═════ DATA SUPPLIED

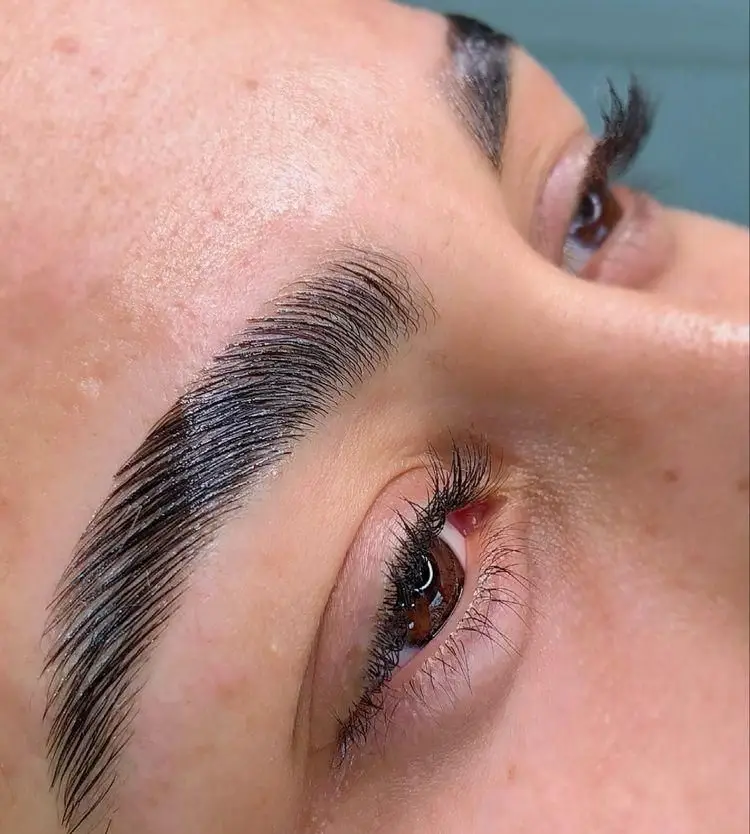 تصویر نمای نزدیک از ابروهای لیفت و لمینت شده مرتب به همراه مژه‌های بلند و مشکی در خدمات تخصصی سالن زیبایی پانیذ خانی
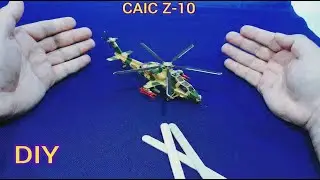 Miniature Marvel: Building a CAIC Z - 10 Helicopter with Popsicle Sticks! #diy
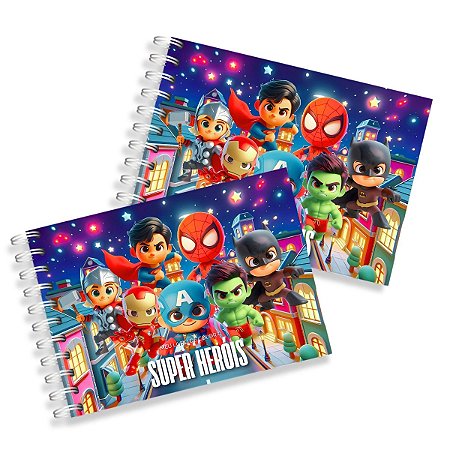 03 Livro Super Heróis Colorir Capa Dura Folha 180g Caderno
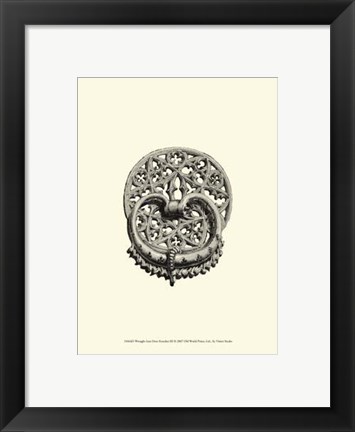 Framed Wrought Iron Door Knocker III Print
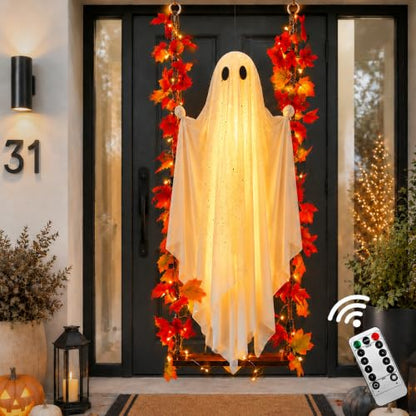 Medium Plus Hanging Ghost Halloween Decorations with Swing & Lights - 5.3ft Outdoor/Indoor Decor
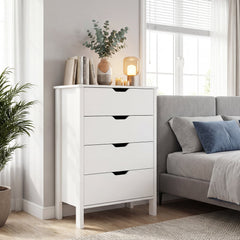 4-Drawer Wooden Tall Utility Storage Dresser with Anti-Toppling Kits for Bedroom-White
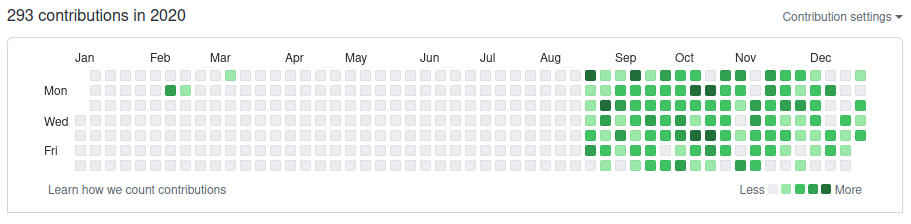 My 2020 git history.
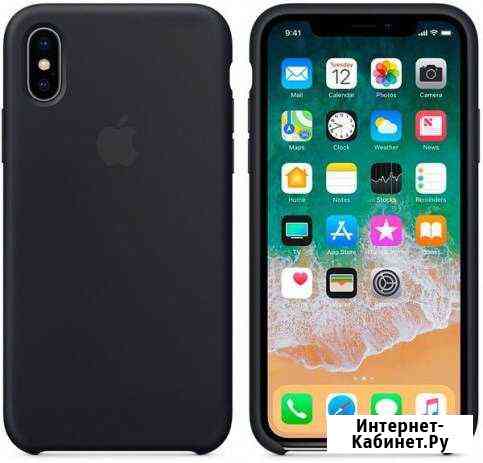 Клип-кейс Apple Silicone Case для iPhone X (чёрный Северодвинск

══════════

Print all of the data exactly, and do not carry over any pictures.

RESULT FOR THIS EXERCISE.
 تصویر نمای نزدیک از ابروهای لیفت و لمینت شده مرتب به همراه مژه‌های بلند و مشکی در خدمات تخصصی سالن زیبایی پانیذ خانی
 Miniature Marvel: Building a CAIC Z - 10 Helicopter with Popsicle Sticks! #diy
 03 Livro Super Heróis Colorir Capa Dura Folha 180g Caderno
 Framed Wrought Iron Door Knocker III Print
 Medium Plus Hanging Ghost Halloween Decorations with Swing & Lights - 5.3ft Outdoor/Indoor Decor
 4-Drawer Wooden Tall Utility Storage Dresser with Anti-Toppling Kits for Bedroom-White
 My 2020 git history.
 Клип-кейс Apple Silicone Case для iPhone X (чёрный Северодвинск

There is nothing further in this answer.